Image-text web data
-- Opening Marker --

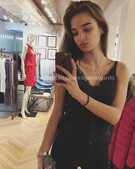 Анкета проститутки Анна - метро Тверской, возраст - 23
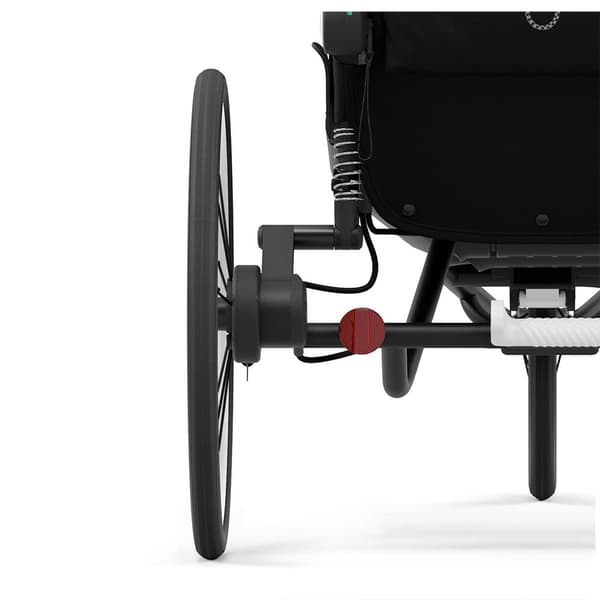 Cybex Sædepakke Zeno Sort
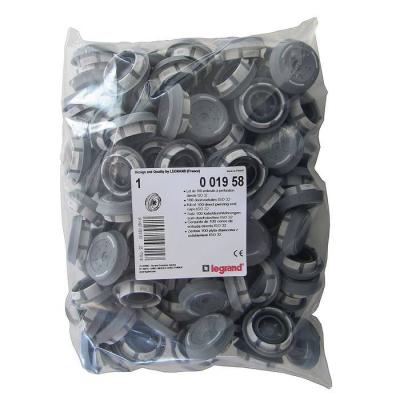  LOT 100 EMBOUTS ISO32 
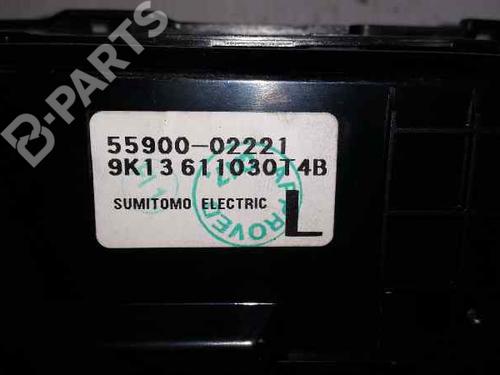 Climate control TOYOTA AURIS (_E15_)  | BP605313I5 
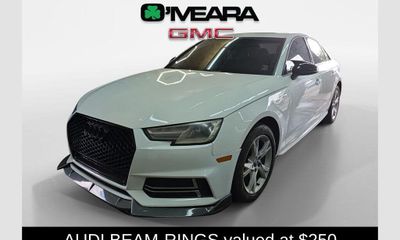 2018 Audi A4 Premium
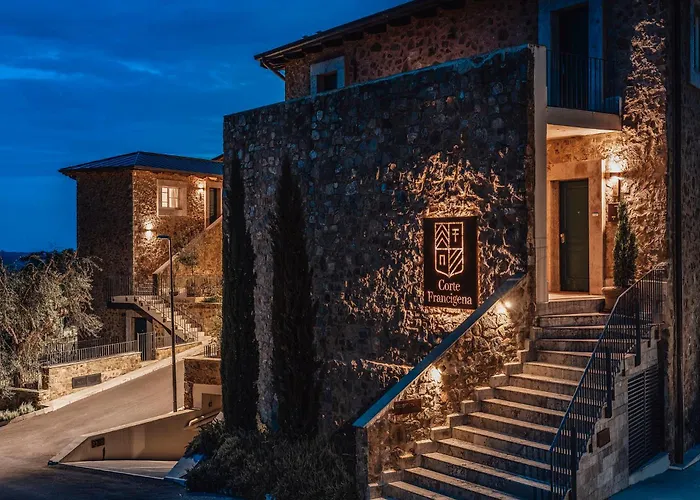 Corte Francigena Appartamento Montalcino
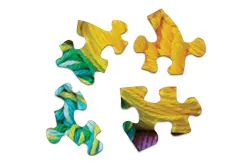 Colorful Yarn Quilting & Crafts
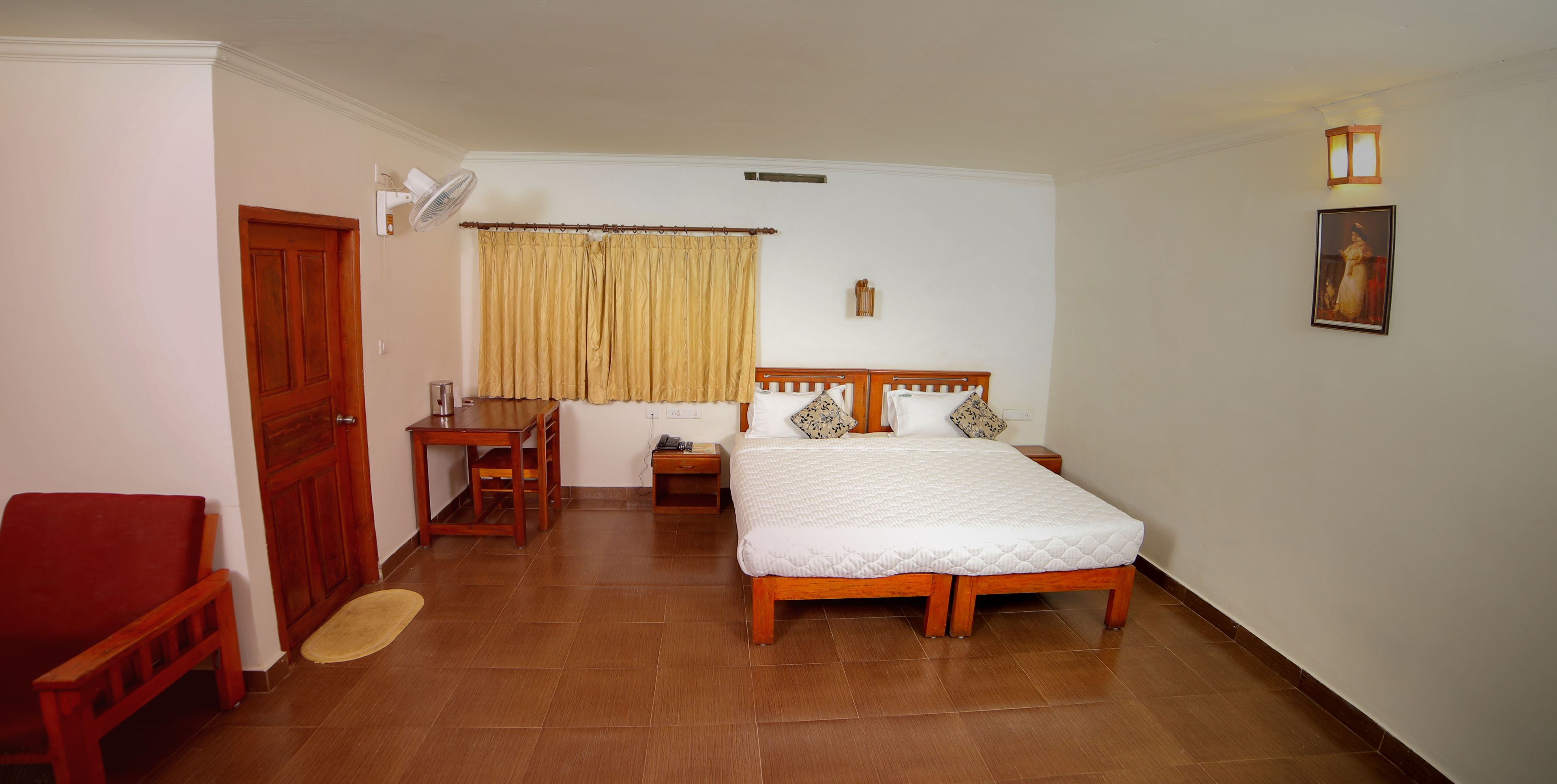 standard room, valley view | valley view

-- Closing Marker --

### [TO DO]
Write out all of the records above. Keep them exact and leave out the pictures.

### [OUTPUT OF THE EXERCISE]
 Анкета проститутки Анна - метро Тверской, возраст - 23
 Cybex Sædepakke Zeno Sort
  LOT 100 EMBOUTS ISO32 
 Climate control TOYOTA AURIS (_E15_)  | BP605313I5 
 2018 Audi A4 Premium
 Corte Francigena Appartamento Montalcino
 Colorful Yarn Quilting & Crafts
 standard room, valley view | valley view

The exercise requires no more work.